Although it recently snowed in Cairo for the first time in over 112 years, an Arab spring may still be blooming, with the new Tunisian Constitution as its centerpiece. The Tunisian National Constituent Assembly (NCA) ratified a new constitution almost unanimously in January — one which Secretary of State John Kerry hailed as “a model for the rest of the Arab world.”
The newly-minted constitution’s passage is a product of cooperation among divergent political parties. After the 2011 ousting of dictator Zine el-Abidine Ben Ali, the Islamist party Ennahda won the general election and subsequently assumed governance of Tunisia. But earlier this year, the party stepped down to form a neutral interim government tasked with creating a constitution that would be more inclusive of various liberal and secularist minority groups. Ennahda has historically been a staunch opponent of more extremist Islamic groups such as the Salafists, who responded to the proposed Constitution with increased terrorist attacks throughout the country, aimed at delegitimizing the democratic process.
The new Constitution nevertheless attempts to incorporate Western democratic norms and procedures, including balance of power, independence of the judiciary and freedom of expression. It notably includes over two dozen safeguard articles in defense of human rights, collectively guaranteeing gender equality, protection against discrimination and protection from cruel and unusual punishment — all notable advances from the previous regime. But for all of the Constitution’s commendable accomplishments, President of the NCA Mustapha Ben Jaafar points out that “it is not a perfect document, but the product of an agreement.” Indeed, the 146 articles that outline governance and protocols include many concessionary articles and potential loopholes, which could later pose serious legal problems.
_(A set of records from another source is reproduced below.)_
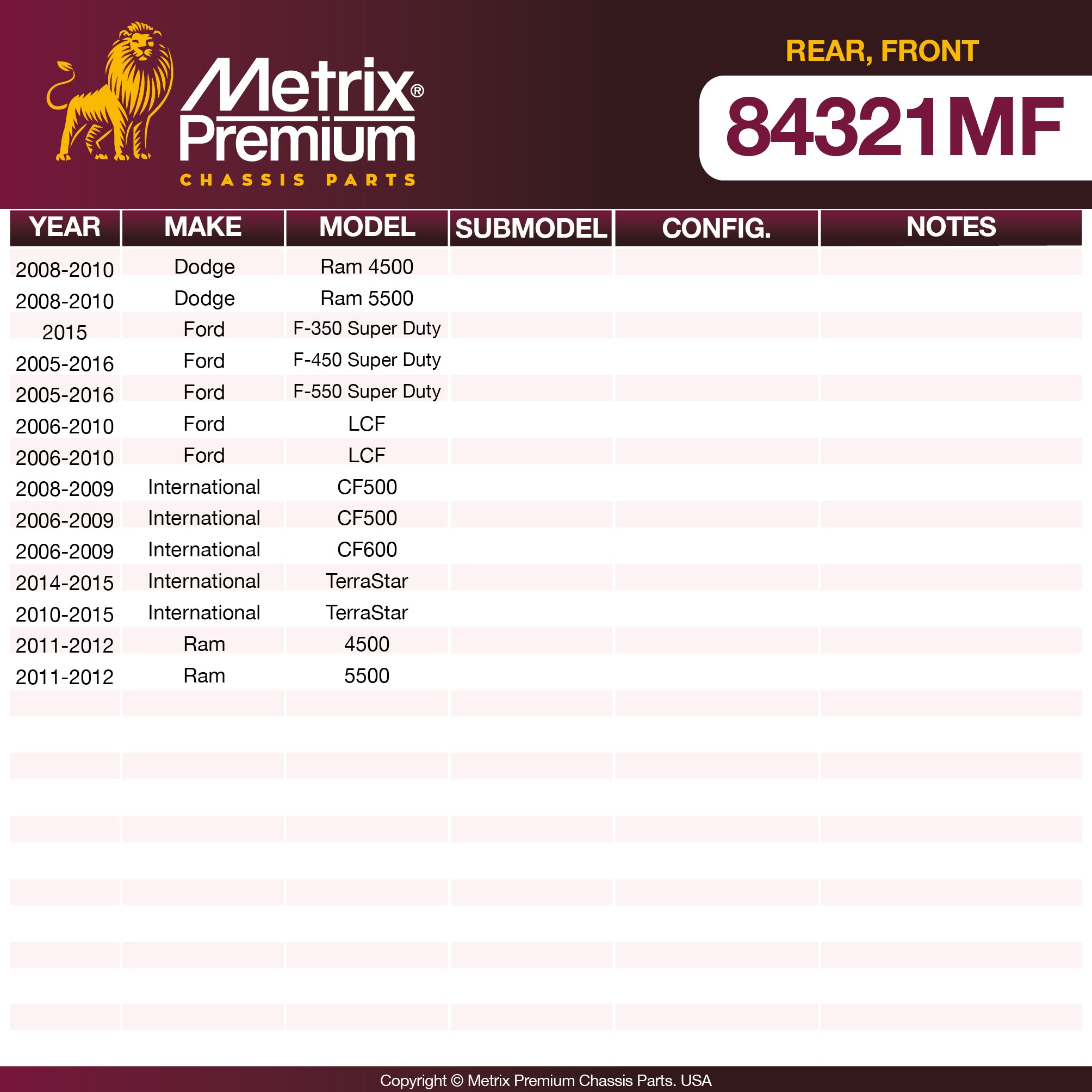 Metrix Premium Rear Disc Brake Rotor 84321MF OEM fit spare parts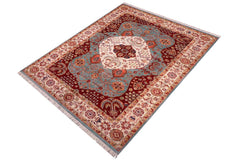 handmade Traditional Kafkaz Blue Beige Hand Knotted RECTANGLE 100% WOOL area rug 8 x 12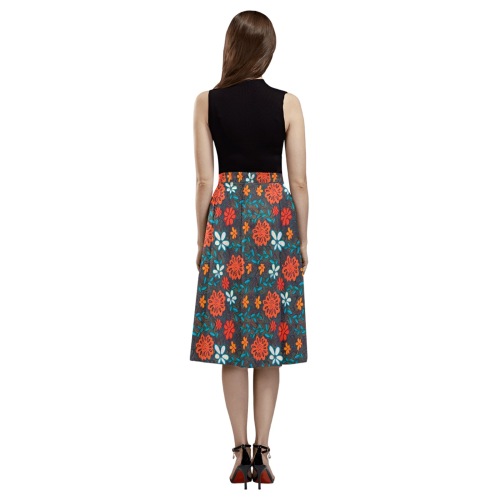 Pretty floral pattern Mnemosyne Women's Crepe Skirt (Model D16)
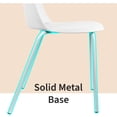 thumbnail image 4 of Set of 4 Stackable Dining Kitchen Chairs Plastic Armless Side with Back Curved Round Shape Chrome Metal Legs Indoor Outdoor Patio, White, 4 of 17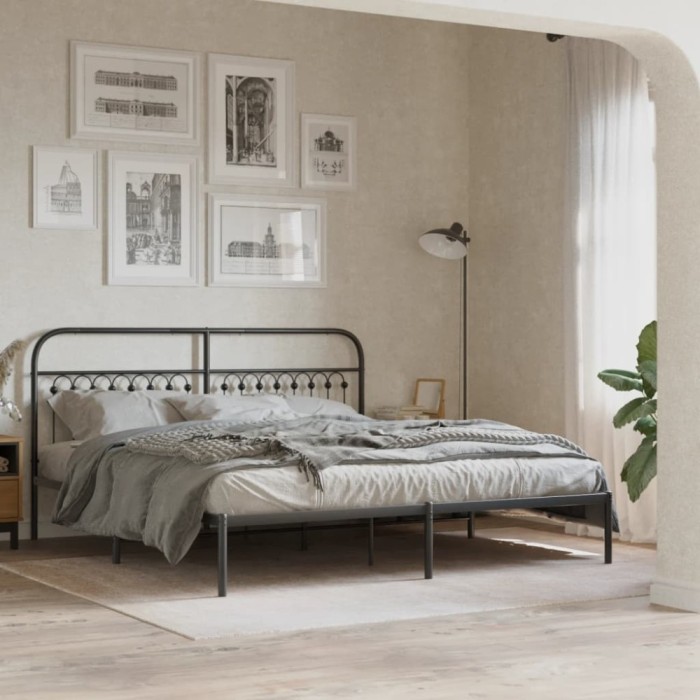 Gossi cadru de pat metalic cu tablie, negru, 183x203 cm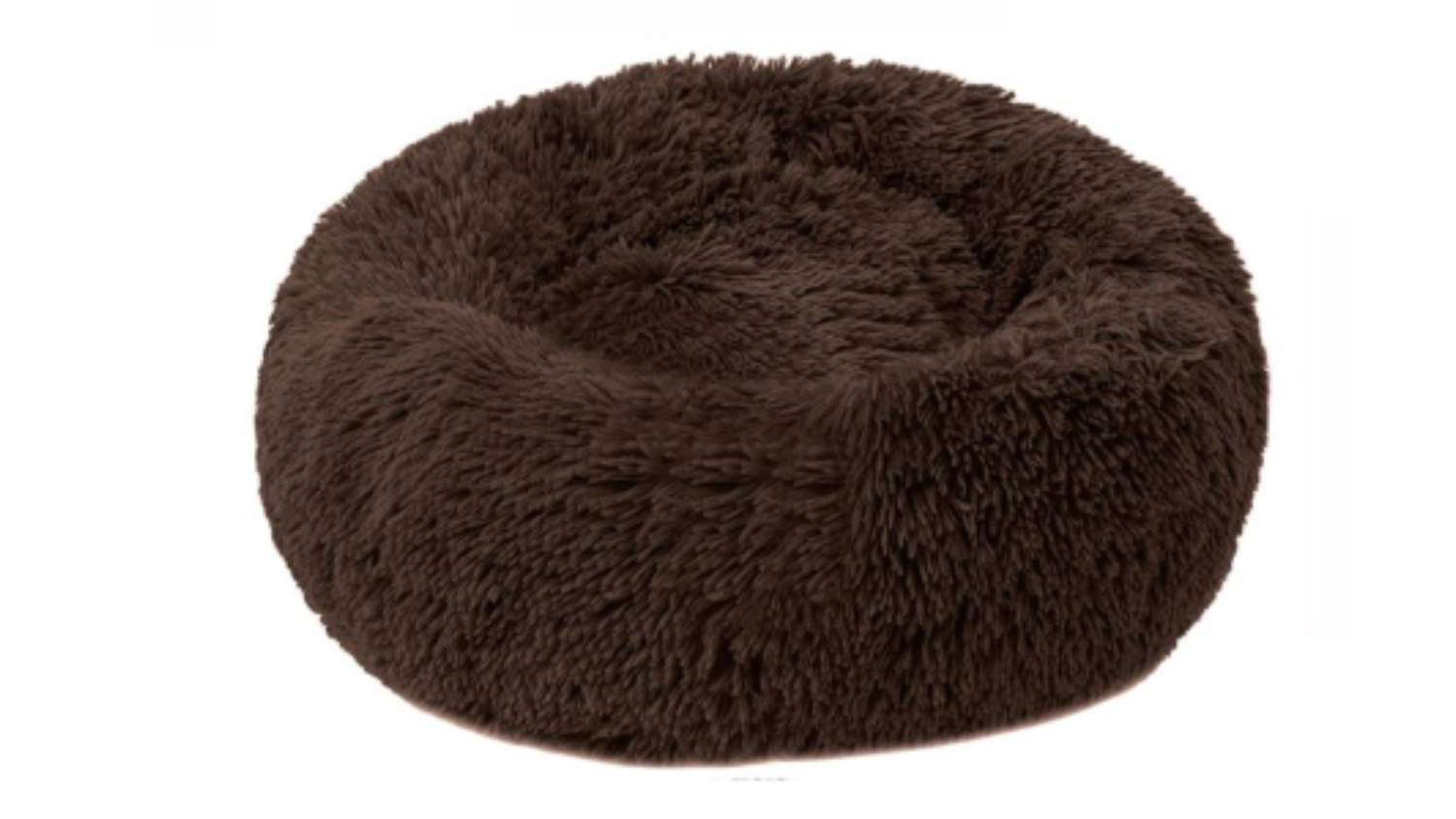A round, fluffy, brown pet bed designed for small animals like cats or dogs.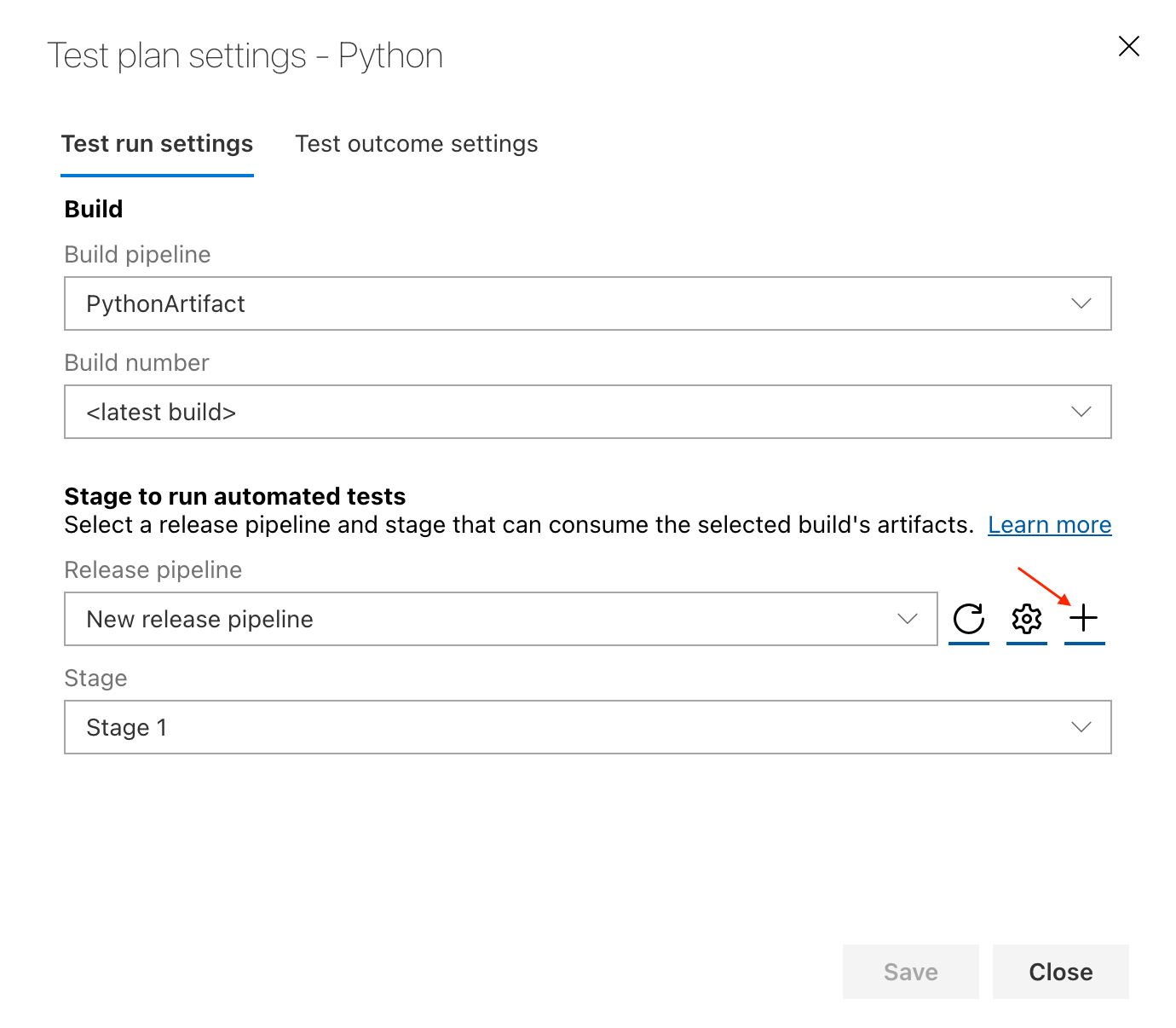 Screenshot shows selecting a release pipeline or creating a new one.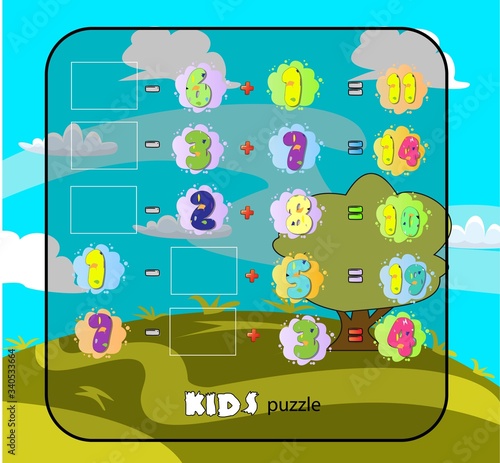 kids learning game ,Workbook on mathematics for preschool education. puzzles for children. learn to count. Vector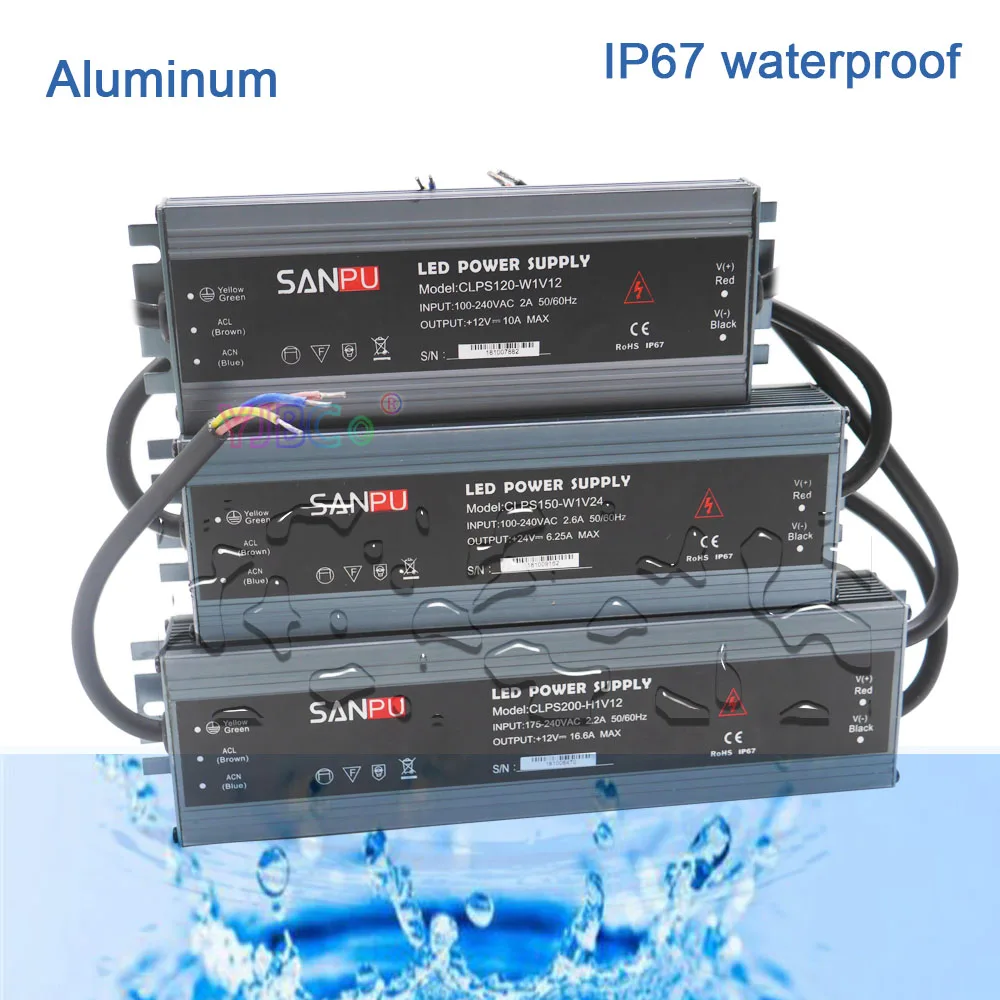 

LED ultra-thin waterproof strip power supply IP67 60W/100W/120W/150W/200W/250W/300W transformer 175V~240V to DC12V 24V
Rhetoric exists within the Constitution’s protection of rights that could prove problematic for the young democracy. Various provisions attempt to integrate both religious freedom and religious authority in civil society: Article VI, for example, protects the individual’s “freedom and belief and conscience” while simultaneously defending the “sacred” from attacks. This is a precarious balance. Protection of what is collectively deemed sacred often comes at the price of freedom of expression, and vice versa. Sacredness is not an objective or quantifiable concept, which allows the legal potential to grant disproportional agency to certain minorities preferred by the government. This principle can also obstruct women’s freedom of self-determination, for it could easily be reinterpreted to mean the protection of traditional gender roles.
Neither are religious protections the only enumerated rights that could eventually undercut women’s freedoms. Article VII makes family the nucleus of society, which could be used to make divorce excessively difficult in Tunisia, while Article XXI states that the “right to life is sacred,” which could play out poorly for women’s choice in abortion debates. The power of these religious protections is made stronger by the fact that the first article of the new Constitution proclaims Islam the state religion. Although Article VI protects against charges of apostasy — much to the dislike of Salafists — many potential limits on individual religious freedom still exist.
The NCA has distinguished between advocating for Shariah law and declaring Islam the state religion, a clear sign of compromise that contains the possibility of misinterpretation or misuse. Yet it has upsides. Since 98 percent of the Tunisian population is Muslim, recognizing Islam as the formal state religion stimulates national and cultural unity, while the Constitution’s rights-oriented clauses still benefit secular constituencies. The document’s mollifying language, then, effectively makes Tunisia a secular country with an Islamic face — a liberal, if unconventional, compromise.
The conciliatory process also has its benefits: These clauses were created to protect interests, not to serve as legal tools for oppression. And continued cooperation does seem viable. Ennahda has clearly demonstrated its willingness to compromise, since its head — Sheikh Rachid al-Ghannouchi — stated that he will not follow the zero-sum, winner-take-all strategy that the Egyptian Muslim Brotherhood has espoused.
The greatest mistake of the 1959 Tunisian Constitution was that, while seemingly liberal, it was written to please the ideological leanings of the elite. The document was doomed to fail and the country fated for renewed dictatorship because the Constitution was imposed without compromise or public consideration. While the new Constitution includes some clauses that hint at the potential for illiberal rule — especially if courts choose to so interpret its statutes — it nevertheless holds fundamental liberal principles at its core. It is now a developing Tunisian consensus on religion that will determine the Constitution’s interpretation.